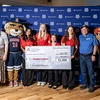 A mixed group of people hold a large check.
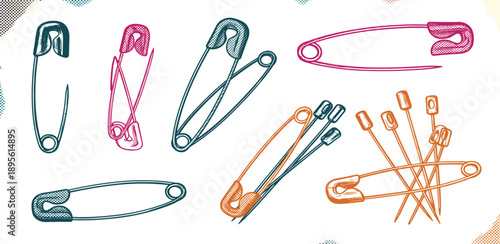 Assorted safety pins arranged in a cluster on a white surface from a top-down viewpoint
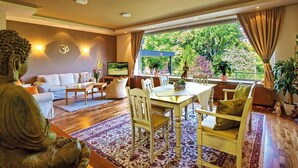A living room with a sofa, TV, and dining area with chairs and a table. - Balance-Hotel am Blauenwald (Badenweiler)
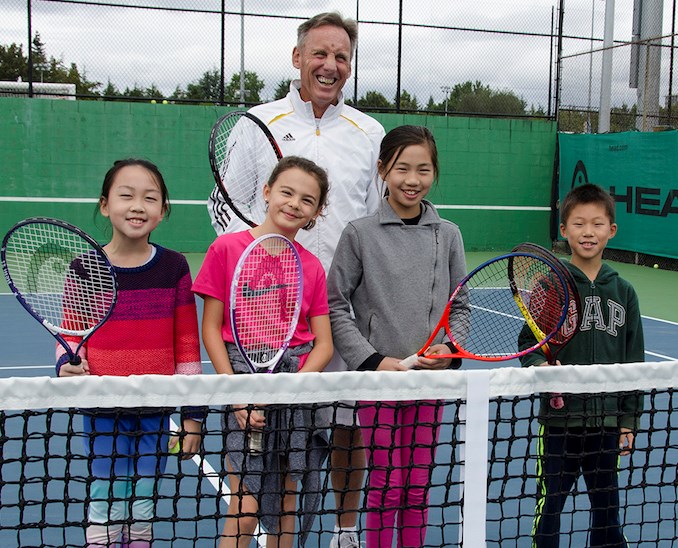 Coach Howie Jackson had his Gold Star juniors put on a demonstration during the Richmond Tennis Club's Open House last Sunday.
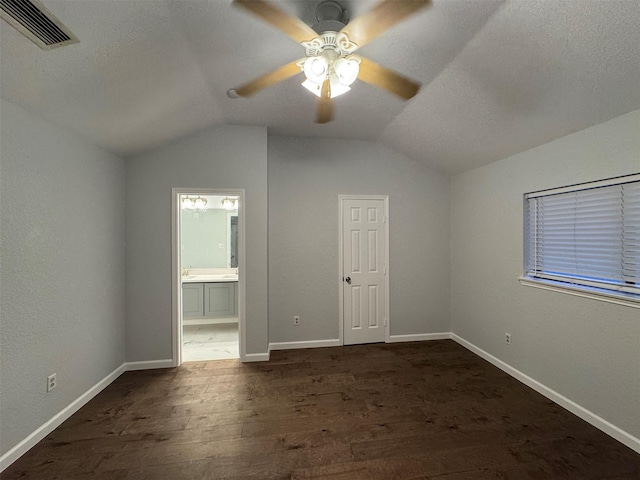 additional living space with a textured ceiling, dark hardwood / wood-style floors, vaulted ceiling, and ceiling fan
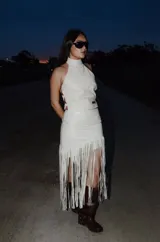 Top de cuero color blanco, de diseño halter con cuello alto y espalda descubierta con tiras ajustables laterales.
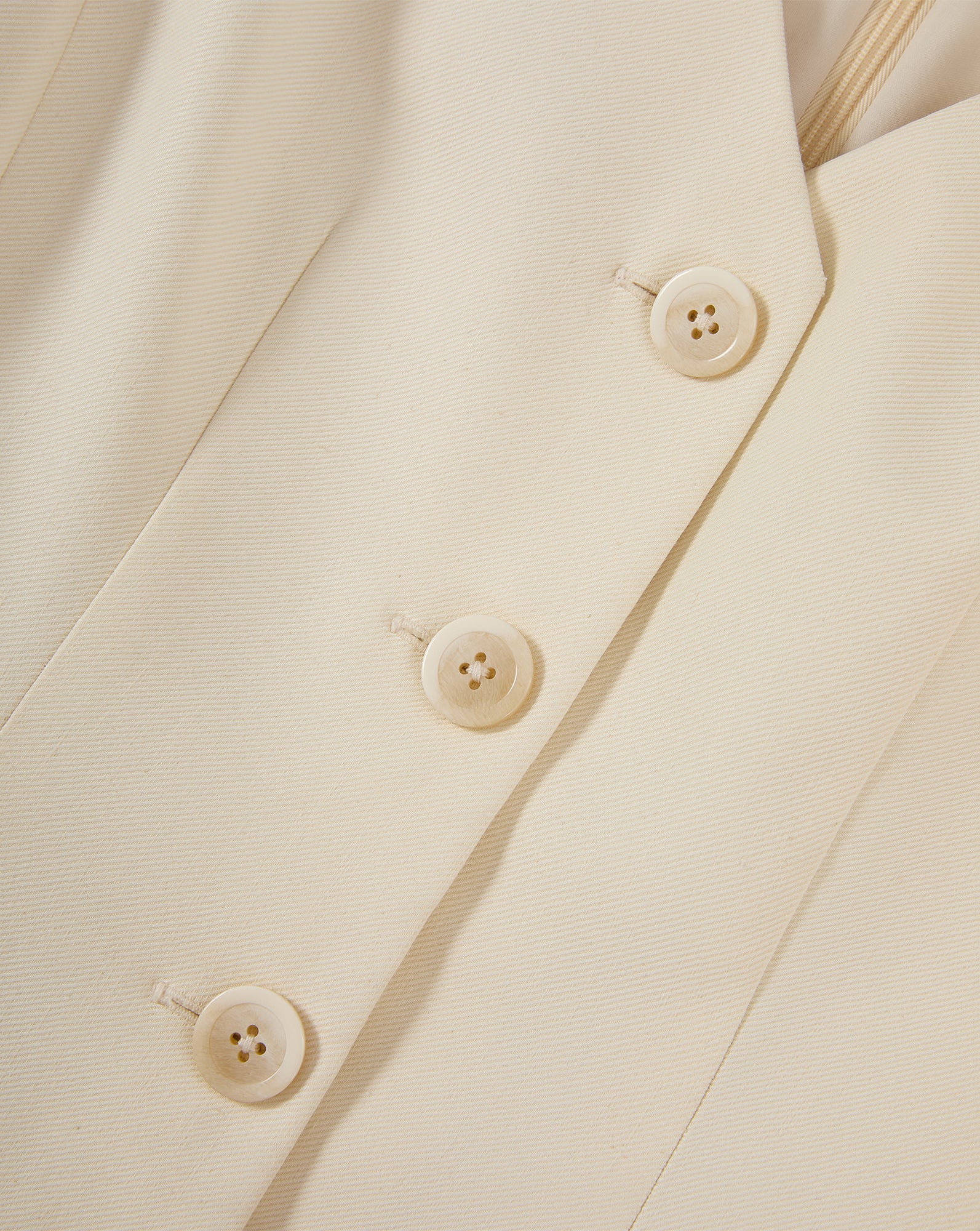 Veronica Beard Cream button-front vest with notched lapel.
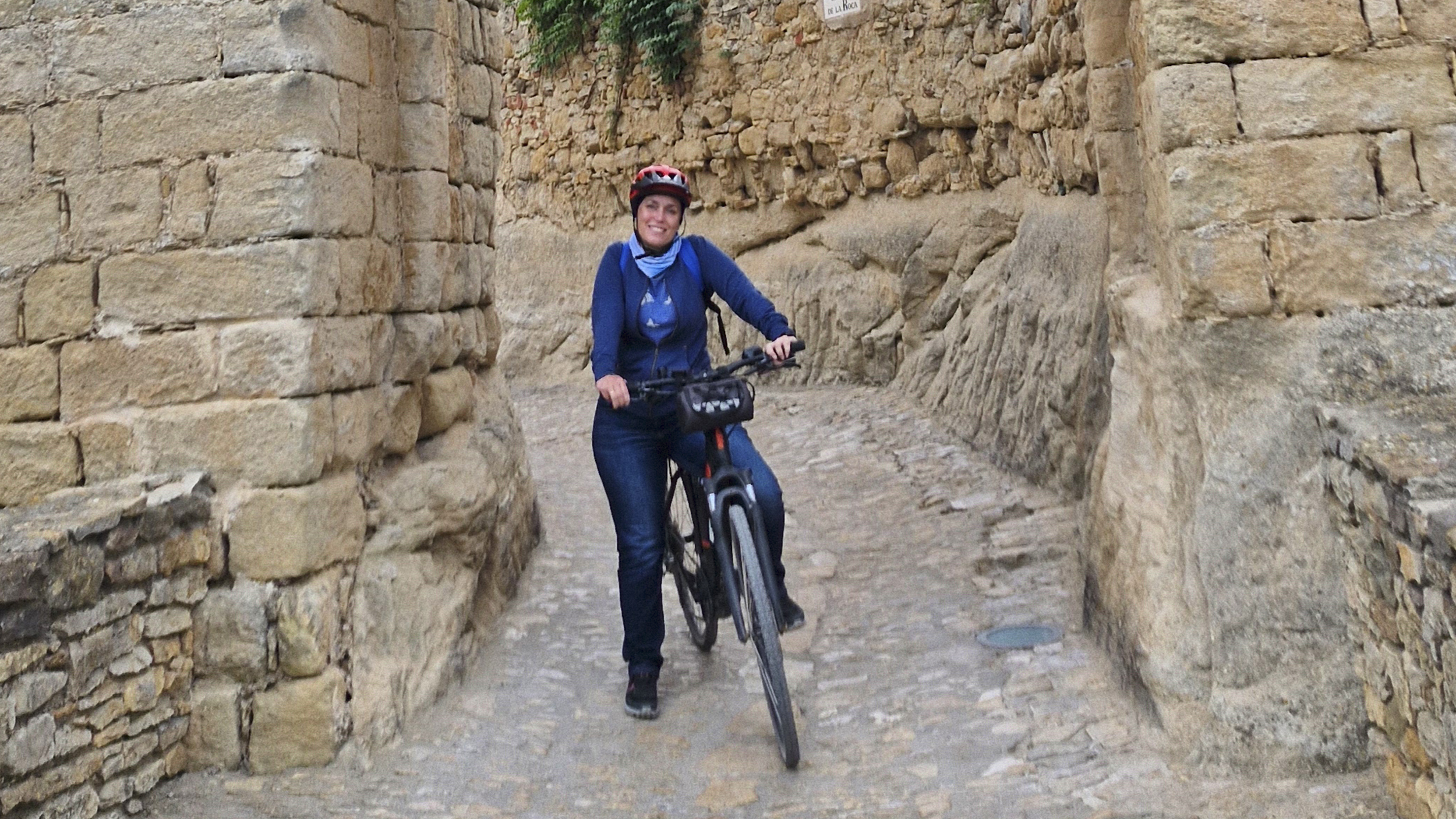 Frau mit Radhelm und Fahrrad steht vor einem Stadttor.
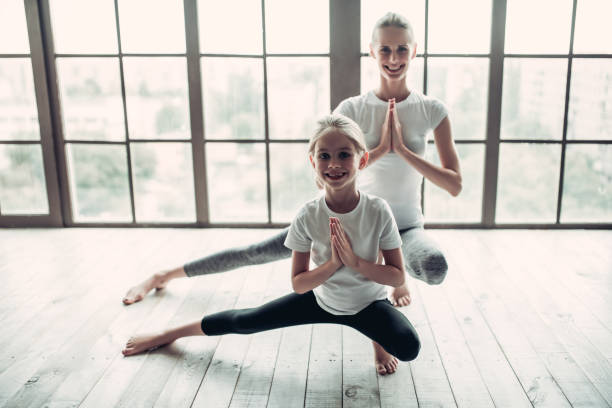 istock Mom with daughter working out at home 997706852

* * *

* _To do_: In the entries above, find the line that contains "Veronica Beard Cream", then repeat exactly every line from the first one through that line, with no pictures.

* _Written answer_:
 A mixed group of people hold a large check.
 Assorted safety pins arranged in a cluster on a white surface from a top-down viewpoint
A living room with a sofa, TV, and dining area with chairs and a table. - Balance-Hotel am Blauenwald (Badenweiler)
 Coach Howie Jackson had his Gold Star juniors put on a demonstration during the Richmond Tennis Club's Open House last Sunday.
 additional living space with a textured ceiling, dark hardwood / wood-style floors, vaulted ceiling, and ceiling fan
 Top de cuero color blanco, de diseño halter con cuello alto y espalda descubierta con tiras ajustables laterales.
 Veronica Beard Cream button-front vest with notched lapel.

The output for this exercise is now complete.